Vector databases have become almost synonymous with LLM memory. That association is understandable. Semantic search is powerful, and embeddings underpin modern retrieval augmented generation. However, once we move beyond chatbots and into agentic systems that operate real workflows, the assumption that all memory must live in a vector store starts to unravel.

The underlying issue is simple but often overlooked. Memory and knowledge are different problems, and they benefit from very different storage and retrieval strategies.

Memory and Knowledge Solve Different Jobs

Knowledge retrieval focuses on finding relevant information by meaning, typically from unstructured sources such as policies, research papers, or historical conversations. Memory, in contrast, is about preserving facts, state, preferences, and outcomes over time so that future decisions are consistent, safe, and correct.

“We reached for embeddings out of habit, not because the agent actually needed them.”

Most of what operational agents need to remember is highly structured. Examples include whether consent has been captured, which workflow step is currently active, which actions have already been taken, or which constraints apply to a specific user, patient, or case. These are not fuzzy concepts. They are deterministic facts.

That distinction becomes clearer when viewed side by side.

Aspect	Knowledge Retrieval	Agent Memory
Primary goal	Find relevant text by meaning	Preserve facts and state over time
Data type	Unstructured or semi structured text	Structured or strongly typed data
Typical queries	“Find similar guidance”	“What is the current status?”
Tolerance for approximation	High	Very low
Compliance suitability	Limited	High

When an agent needs to know whether a patient has been transferred to theatre, or whether a customer has already been contacted, cosine similarity is not just unnecessary. It introduces risk. In these cases the correct operation is a primary key lookup or a filtered query, not a probabilistic match.

Where Vector Stores Actually Add Value

Vector databases excel when an agent needs to reason over large volumes of narrative content. Common examples include searching clinical notes, locating relevant policies, recalling earlier conversations by topic, or discovering related incidents across a corpus.

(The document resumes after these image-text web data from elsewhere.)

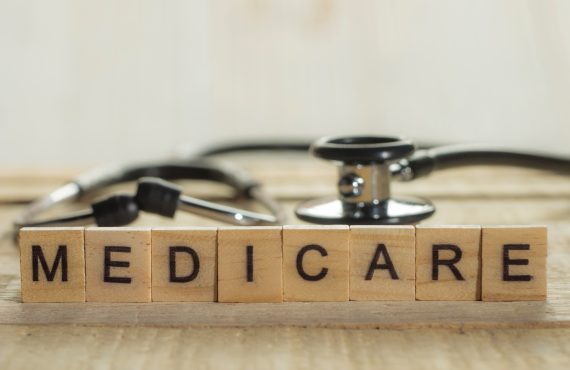 The word "Medicare" spelled out on a Scrabble board.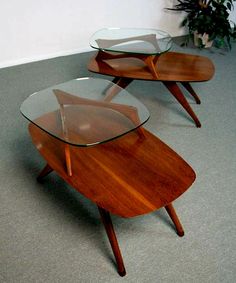 three tables with glass tops and wooden legs on carpeted flooring in an empty room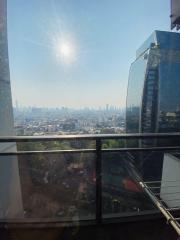 City view from high-rise apartment balcony with clear skies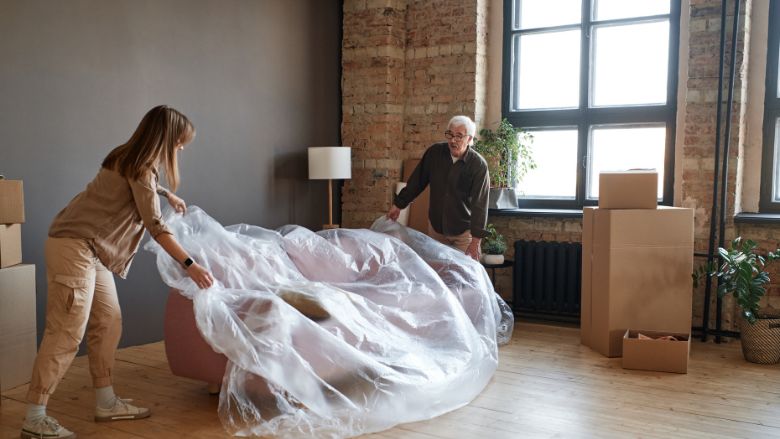 man helping his daughter cover sofa with plastic film
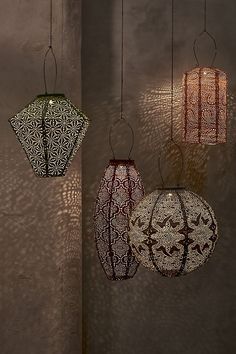 three hanging lanterns with intricate designs on them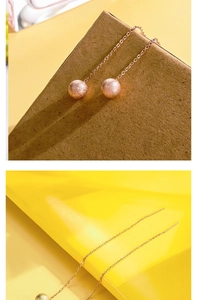 Dettaglio macro di orecchini a catenella oro rosa con sfere satinate effetto polvere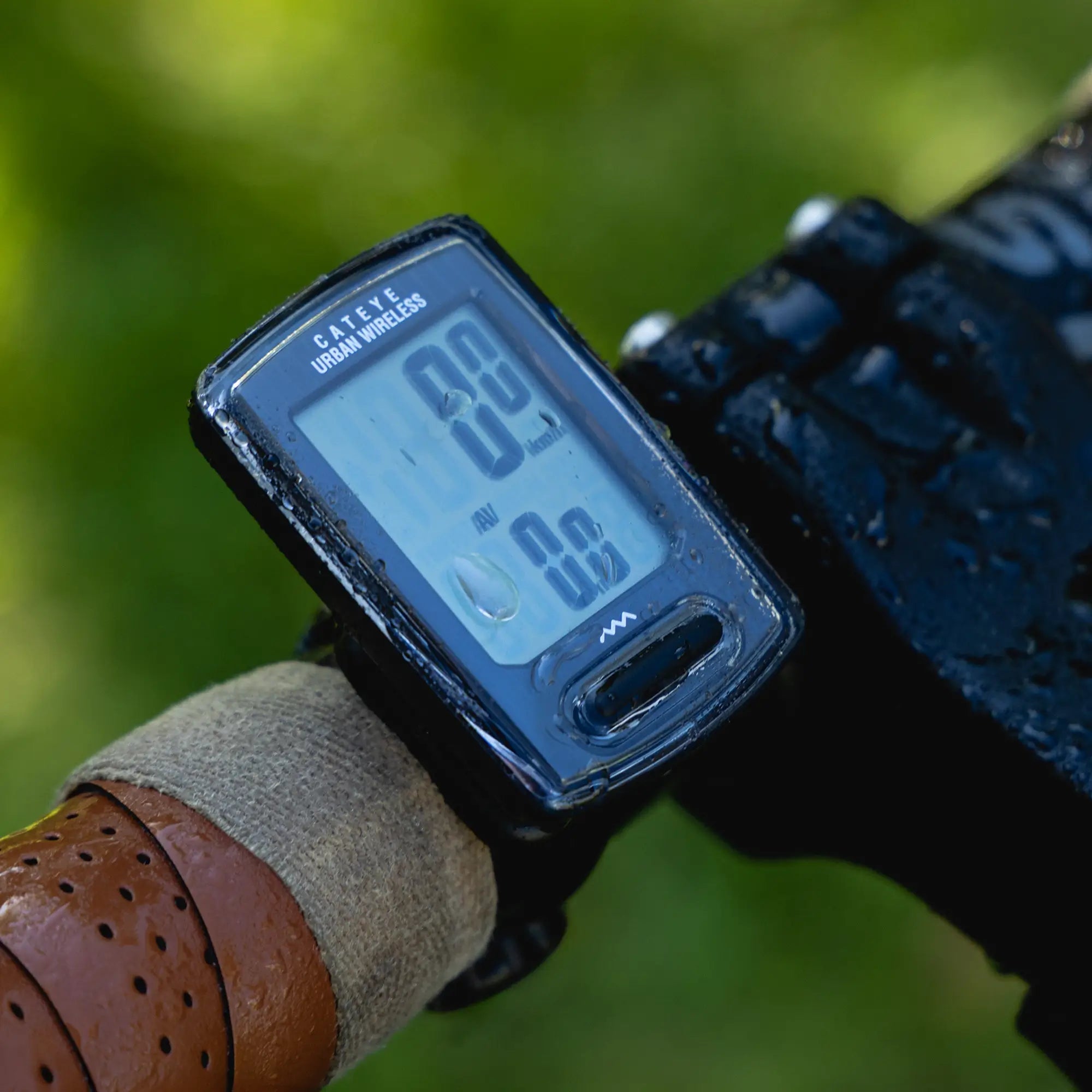 A close-up of a CATEYE Urban Wireless (CPSC) bike computer with a programmable odometer, mounted on a FlexTight™ universal bracket beside a leather-wrapped grip, set against a blurred green background.
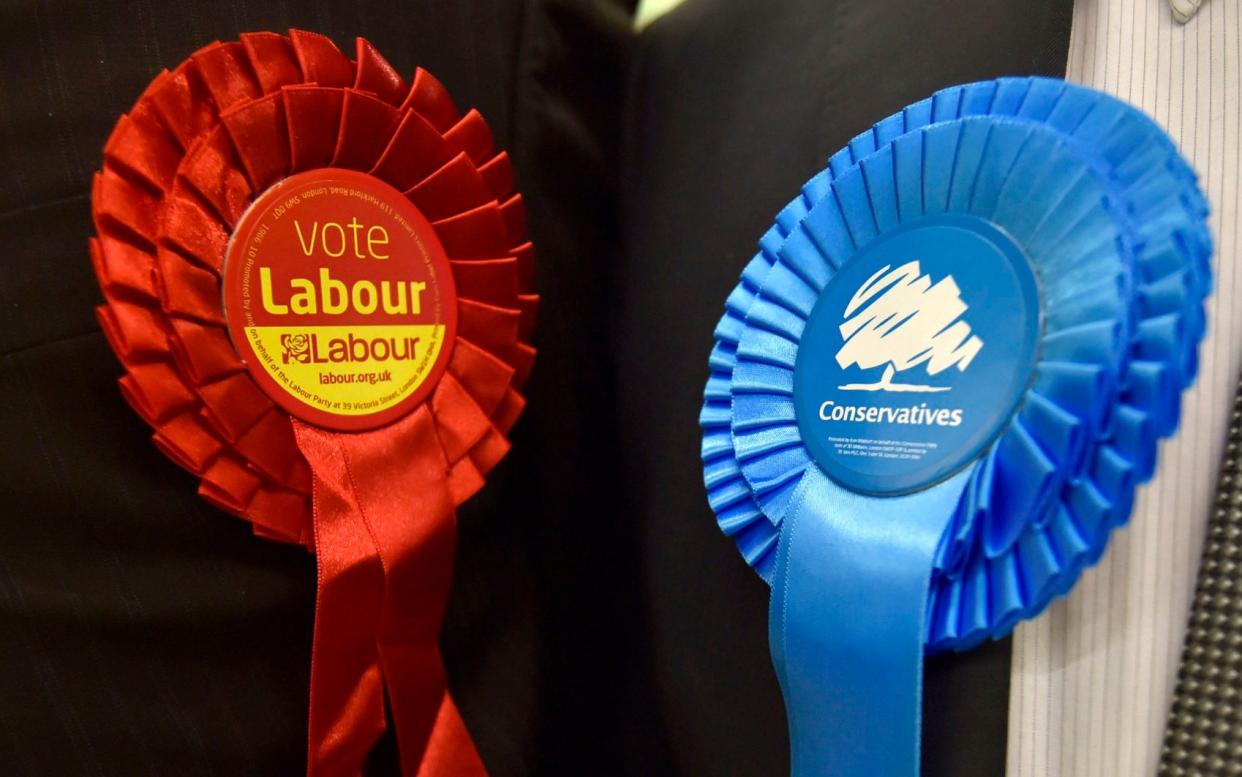 File photo dated 06/05/16 of Conservative Party and Labour Party rosettes, as figures from the Electoral Commission show that the Labour Party spent £15 million more than the Conservatives last year. PRESS ASSOCIATION Photo. Issue date: Thursday August 31, 2017. Accounts for Jeremy Corbyn's party show it took in £49,840,000 and spent £43,324,000 nationally in 2016. See PA story POLITICS Accounts. Photo credit should read: Hannah McKay/PA Wire - Hannah McKay/PA Wire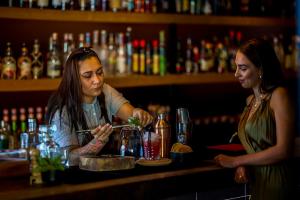 a man and a woman sitting at a bar at Octant Ponta Delgada in Ponta Delgada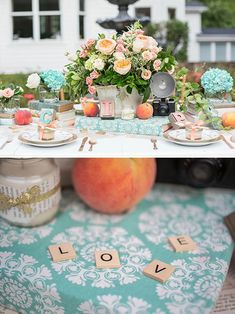 the table is decorated with peaches, flowers and scrabbles for an outdoor wedding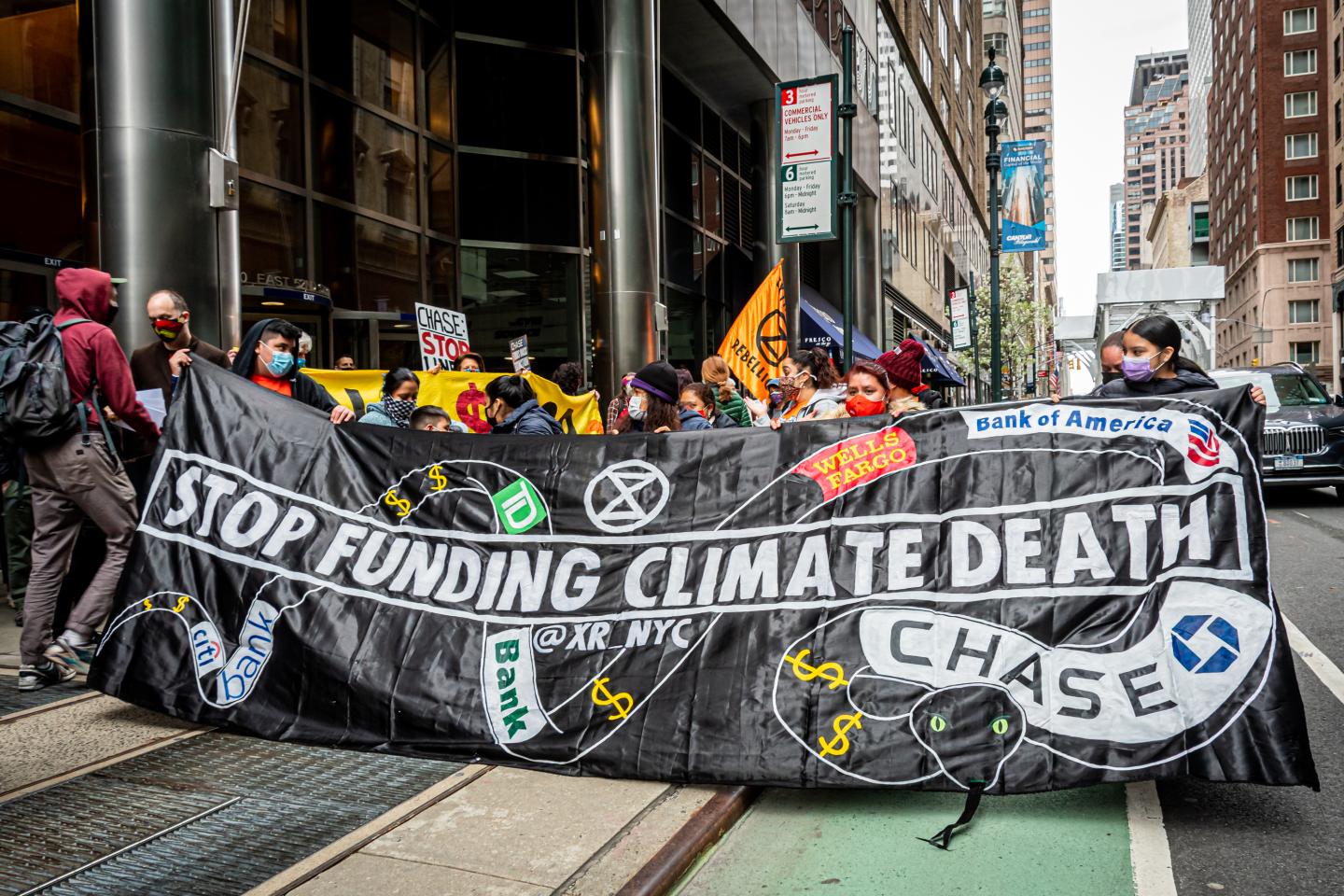 Climate activists with Stop the Money Pipeline held a rally in midtown Manhattan first at BlackRocks HQ and then march to JP Morgan Chase HQ, -two of the worlds biggest funders of climate destruction in their opinion- to urge the two companies to end their support for the dangerous proposed Line 3 pipeline project, and stop funding fossil fuels and forest destruction.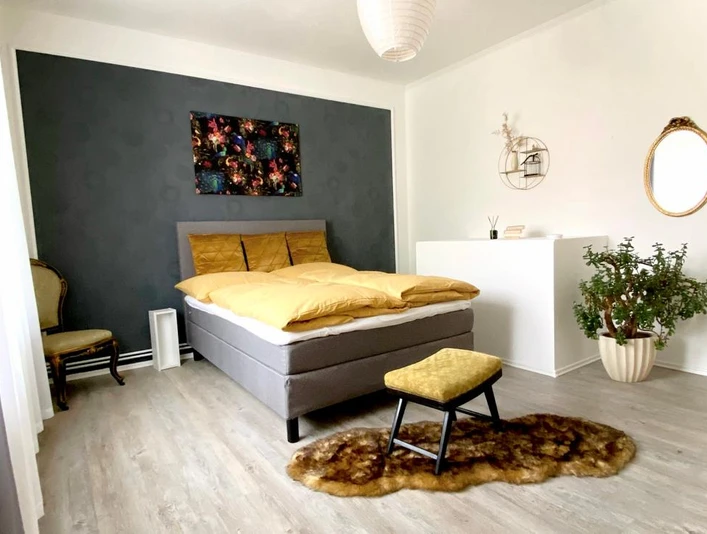 9 Quellen City Apartment.jpg Modern eingerichtetes Schlafzimmer mit Doppelbett, Sitzhocker, Pflanzen und Wanddekorationen.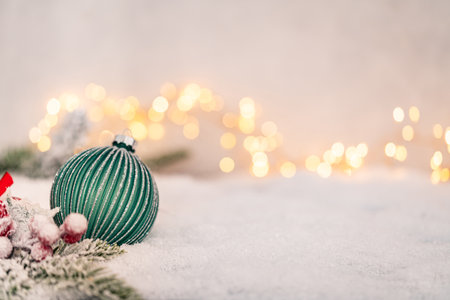 Green Christmas Ornament with Silver Ribbon on Snowy Surfaceの写真素材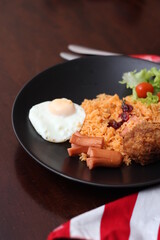 American fried rice served with sausages, cucumbers, shredded vegetables in a gray plate on a white table with seasoning.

Problems emerge when teams attempt to use vector stores as a general purpose memory layer. This often leads to higher cost, increased latency, weaker explainability, and more complex data governance, without improving decision quality for most operational tasks.

In mature agent architectures, vector memory is therefore complementary rather than foundational. The dominant pattern is hybrid memory, where structured systems hold authoritative state and vector systems provide contextual enrichment when semantic reasoning is genuinely required.

What Usually Works Better Than Embeddings for Memory

For most long term agent memory, conventional data stores are not only sufficient, they are preferable.

Storage type	Why it works well for memory	Typical uses in agents
Relational databases (Postgres, MySQL)	Strong consistency, transactions, joins, auditability	Profiles, workflow state, approvals, patient records
Document databases (MongoDB, DynamoDB)	Flexible schemas, JSON native storage	Session memory, evolving agent state models
Key value stores (Redis)	Extremely fast access, ideal for checkpoints	Conversation state, resumable workflows
Vector databases	Semantic similarity over text	Notes, policies, summaries, long narratives

Relational databases are particularly well suited to operational agents because they align with how enterprises already manage critical data. They support transactional safety, deterministic queries, and established governance models, which are essential in regulated environments such as healthcare and finance.

Document databases are useful where agent memory structures evolve rapidly or differ by agent type. Key value stores are commonly used for checkpointing long running workflows, allowing execution to pause and resume safely without reconstructing state.

None of these require embeddings. In many cases, embeddings actively complicate the design.

How Agents Actually Retrieve Memory

Modern agent frameworks do not treat memory as passive context that is blindly injected into prompts. Instead, memory is typically accessed through explicit retrieval steps in the agent graph, often implemented as tools or dedicated nodes.

This allows the agent to reason about whether memory is required, which memory is relevant, and how that information should influence the next action. Retrieval may occur before execution begins to hydrate the graph with known state, or during execution when a decision requires additional context.

From the agent’s perspective, retrieving memory via a SQL query, an API call, or a key value lookup is no different from calling a vector search endpoint. What matters is that the retrieval mechanism matches the nature of the data and the decision being made.

For most operational decisions, deterministic queries are faster, cheaper, easier to explain, and easier to govern.

Why This Matters in Regulated and Operational Domains

In healthcare, public sector, and financial services, memory must be traceable, correct, and explainable. If an agent recommends an action, it must be possible to demonstrate which facts were used and why.

Vector similarity can suggest that two documents are related, but it cannot establish causality or guarantee factual correctness. That makes it unsuitable as the primary store of authoritative memory in environments where auditability is mandatory.

This is why production agent architectures increasingly separate concerns. Structured systems manage truth and state, while vector systems provide supporting context when narrative reasoning is required. This approach also aligns with emerging interoperability patterns such as the Model Context Protocol, where memory and tools are externalised as services rather than embedded inside prompts.

TLDR;

Vector databases are excellent for semantic knowledge retrieval, but they are not a universal memory layer for agents.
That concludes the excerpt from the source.